▶ [Requirement]: Only one stretch of the listing below is wanted. Begin at the line that has "Karmeliterkirche, a church", stop after the line that has "Wiseco Motorcycle Off", and repeat every line in between exactly.

▶ [Exercise inputs]:

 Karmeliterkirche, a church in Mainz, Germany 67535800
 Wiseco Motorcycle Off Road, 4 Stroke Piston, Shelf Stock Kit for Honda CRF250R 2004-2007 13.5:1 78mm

* * *

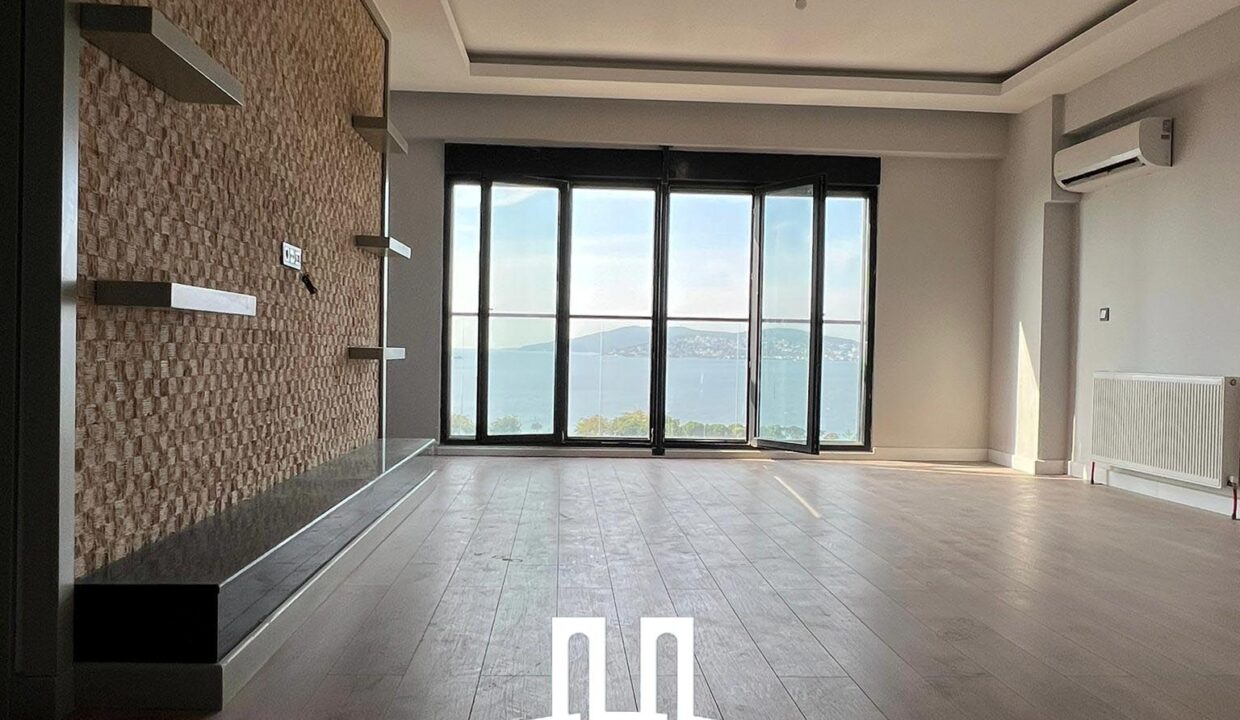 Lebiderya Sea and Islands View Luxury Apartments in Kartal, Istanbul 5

▶ [Task response]:
 Karmeliterkirche, a church in Mainz, Germany 67535800
 Wiseco Motorcycle Off Road, 4 Stroke Piston, Shelf Stock Kit for Honda CRF250R 2004-2007 13.5:1 78mm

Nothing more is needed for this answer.